**EXERCISE**. Return only the tail of the data below, word for word: the line with "Subaru FORESTER 2017-05 374754-0" and each line after it through the final one.

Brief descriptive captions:

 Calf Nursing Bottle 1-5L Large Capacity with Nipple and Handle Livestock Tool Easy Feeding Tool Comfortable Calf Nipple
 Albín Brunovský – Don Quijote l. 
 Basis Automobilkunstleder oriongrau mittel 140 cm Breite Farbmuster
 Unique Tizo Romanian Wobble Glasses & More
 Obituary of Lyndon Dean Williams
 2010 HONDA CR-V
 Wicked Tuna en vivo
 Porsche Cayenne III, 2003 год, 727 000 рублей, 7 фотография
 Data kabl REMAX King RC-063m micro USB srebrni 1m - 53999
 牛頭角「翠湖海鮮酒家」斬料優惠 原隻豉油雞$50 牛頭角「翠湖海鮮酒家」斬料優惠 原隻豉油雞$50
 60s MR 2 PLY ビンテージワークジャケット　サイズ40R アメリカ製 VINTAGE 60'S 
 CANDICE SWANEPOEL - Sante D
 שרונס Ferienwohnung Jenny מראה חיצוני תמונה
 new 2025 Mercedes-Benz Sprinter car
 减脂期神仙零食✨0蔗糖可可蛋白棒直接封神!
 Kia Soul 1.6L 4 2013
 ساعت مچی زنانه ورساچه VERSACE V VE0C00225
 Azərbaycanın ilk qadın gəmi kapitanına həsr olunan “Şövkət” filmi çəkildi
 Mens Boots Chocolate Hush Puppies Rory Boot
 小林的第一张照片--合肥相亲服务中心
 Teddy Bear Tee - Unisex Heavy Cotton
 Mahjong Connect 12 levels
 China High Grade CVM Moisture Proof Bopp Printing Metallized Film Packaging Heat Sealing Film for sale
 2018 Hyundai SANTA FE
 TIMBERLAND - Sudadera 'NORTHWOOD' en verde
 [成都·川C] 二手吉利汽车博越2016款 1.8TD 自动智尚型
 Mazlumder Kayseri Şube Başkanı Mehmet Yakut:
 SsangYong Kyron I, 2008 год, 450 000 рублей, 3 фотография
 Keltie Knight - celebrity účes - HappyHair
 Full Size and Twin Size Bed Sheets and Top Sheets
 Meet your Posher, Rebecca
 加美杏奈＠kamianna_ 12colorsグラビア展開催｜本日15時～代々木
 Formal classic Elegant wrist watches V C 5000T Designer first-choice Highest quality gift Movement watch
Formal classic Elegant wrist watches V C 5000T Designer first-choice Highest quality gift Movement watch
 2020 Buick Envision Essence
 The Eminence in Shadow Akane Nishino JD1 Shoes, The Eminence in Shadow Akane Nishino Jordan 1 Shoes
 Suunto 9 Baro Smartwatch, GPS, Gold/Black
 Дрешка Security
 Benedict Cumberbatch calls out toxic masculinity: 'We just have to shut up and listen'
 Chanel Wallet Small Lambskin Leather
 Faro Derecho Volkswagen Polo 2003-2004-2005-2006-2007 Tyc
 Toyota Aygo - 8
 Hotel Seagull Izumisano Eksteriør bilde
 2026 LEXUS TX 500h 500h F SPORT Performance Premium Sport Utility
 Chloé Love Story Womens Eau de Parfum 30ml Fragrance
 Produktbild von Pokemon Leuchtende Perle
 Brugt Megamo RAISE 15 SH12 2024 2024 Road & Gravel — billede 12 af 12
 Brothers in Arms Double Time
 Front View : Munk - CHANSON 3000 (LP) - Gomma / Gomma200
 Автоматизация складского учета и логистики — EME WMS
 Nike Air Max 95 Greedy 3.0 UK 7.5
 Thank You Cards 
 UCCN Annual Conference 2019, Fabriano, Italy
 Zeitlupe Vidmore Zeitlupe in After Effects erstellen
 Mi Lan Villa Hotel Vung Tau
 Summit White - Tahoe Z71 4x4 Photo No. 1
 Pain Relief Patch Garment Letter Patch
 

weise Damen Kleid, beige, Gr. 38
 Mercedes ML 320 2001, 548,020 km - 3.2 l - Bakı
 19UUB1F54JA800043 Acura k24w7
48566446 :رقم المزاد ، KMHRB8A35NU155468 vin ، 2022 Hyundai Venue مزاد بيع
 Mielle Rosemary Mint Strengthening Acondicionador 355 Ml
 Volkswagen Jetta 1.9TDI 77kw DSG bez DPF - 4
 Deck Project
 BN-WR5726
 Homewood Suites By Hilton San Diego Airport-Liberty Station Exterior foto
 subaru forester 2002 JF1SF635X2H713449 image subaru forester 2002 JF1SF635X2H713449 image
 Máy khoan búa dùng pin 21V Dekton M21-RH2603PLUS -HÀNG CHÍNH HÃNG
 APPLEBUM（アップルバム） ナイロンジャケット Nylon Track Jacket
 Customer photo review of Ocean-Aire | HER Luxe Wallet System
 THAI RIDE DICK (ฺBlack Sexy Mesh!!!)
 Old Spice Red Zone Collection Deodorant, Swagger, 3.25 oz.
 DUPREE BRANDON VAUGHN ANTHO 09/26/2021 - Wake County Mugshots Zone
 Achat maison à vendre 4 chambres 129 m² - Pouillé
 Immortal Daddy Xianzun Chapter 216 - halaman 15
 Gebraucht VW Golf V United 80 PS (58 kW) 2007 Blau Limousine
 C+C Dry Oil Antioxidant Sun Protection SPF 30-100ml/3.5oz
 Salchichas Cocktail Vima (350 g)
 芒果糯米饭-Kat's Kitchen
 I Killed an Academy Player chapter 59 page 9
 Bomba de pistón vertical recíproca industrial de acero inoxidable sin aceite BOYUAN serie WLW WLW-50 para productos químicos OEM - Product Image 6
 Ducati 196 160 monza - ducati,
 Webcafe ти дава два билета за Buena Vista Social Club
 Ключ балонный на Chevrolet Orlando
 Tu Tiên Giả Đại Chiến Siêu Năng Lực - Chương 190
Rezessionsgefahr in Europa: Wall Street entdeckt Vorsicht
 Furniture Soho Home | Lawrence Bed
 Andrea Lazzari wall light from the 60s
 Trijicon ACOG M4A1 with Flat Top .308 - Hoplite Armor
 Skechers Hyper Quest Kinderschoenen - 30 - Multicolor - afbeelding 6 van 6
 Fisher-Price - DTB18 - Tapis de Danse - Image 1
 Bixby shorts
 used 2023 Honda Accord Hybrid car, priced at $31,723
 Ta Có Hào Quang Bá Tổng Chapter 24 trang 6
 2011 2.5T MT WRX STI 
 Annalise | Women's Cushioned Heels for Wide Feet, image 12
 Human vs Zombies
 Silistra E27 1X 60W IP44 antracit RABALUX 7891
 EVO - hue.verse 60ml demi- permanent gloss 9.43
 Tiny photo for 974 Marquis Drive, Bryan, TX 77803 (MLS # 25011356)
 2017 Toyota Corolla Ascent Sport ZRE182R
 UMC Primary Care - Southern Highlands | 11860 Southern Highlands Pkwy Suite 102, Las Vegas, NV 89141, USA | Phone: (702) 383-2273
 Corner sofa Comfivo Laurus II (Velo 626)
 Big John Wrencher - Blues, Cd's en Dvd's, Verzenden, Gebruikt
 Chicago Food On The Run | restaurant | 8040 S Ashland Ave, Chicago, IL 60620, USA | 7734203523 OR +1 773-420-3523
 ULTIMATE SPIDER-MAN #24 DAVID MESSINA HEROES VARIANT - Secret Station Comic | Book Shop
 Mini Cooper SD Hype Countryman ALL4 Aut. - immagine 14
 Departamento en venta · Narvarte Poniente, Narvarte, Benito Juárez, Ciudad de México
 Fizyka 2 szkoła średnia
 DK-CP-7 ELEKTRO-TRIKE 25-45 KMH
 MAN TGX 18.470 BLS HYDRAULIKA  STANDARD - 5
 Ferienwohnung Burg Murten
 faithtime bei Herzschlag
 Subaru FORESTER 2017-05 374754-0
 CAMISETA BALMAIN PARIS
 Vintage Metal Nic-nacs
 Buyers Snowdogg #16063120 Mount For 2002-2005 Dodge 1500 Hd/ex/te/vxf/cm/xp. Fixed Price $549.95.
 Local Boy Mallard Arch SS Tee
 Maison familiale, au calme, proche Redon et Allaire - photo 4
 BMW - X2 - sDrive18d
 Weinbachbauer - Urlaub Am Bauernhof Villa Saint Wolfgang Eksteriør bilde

**RESPONSE**.
 Subaru FORESTER 2017-05 374754-0
 CAMISETA BALMAIN PARIS
 Vintage Metal Nic-nacs
 Buyers Snowdogg #16063120 Mount For 2002-2005 Dodge 1500 Hd/ex/te/vxf/cm/xp. Fixed Price $549.95.
 Local Boy Mallard Arch SS Tee
 Maison familiale, au calme, proche Redon et Allaire - photo 4
 BMW - X2 - sDrive18d
 Weinbachbauer - Urlaub Am Bauernhof Villa Saint Wolfgang Eksteriør bilde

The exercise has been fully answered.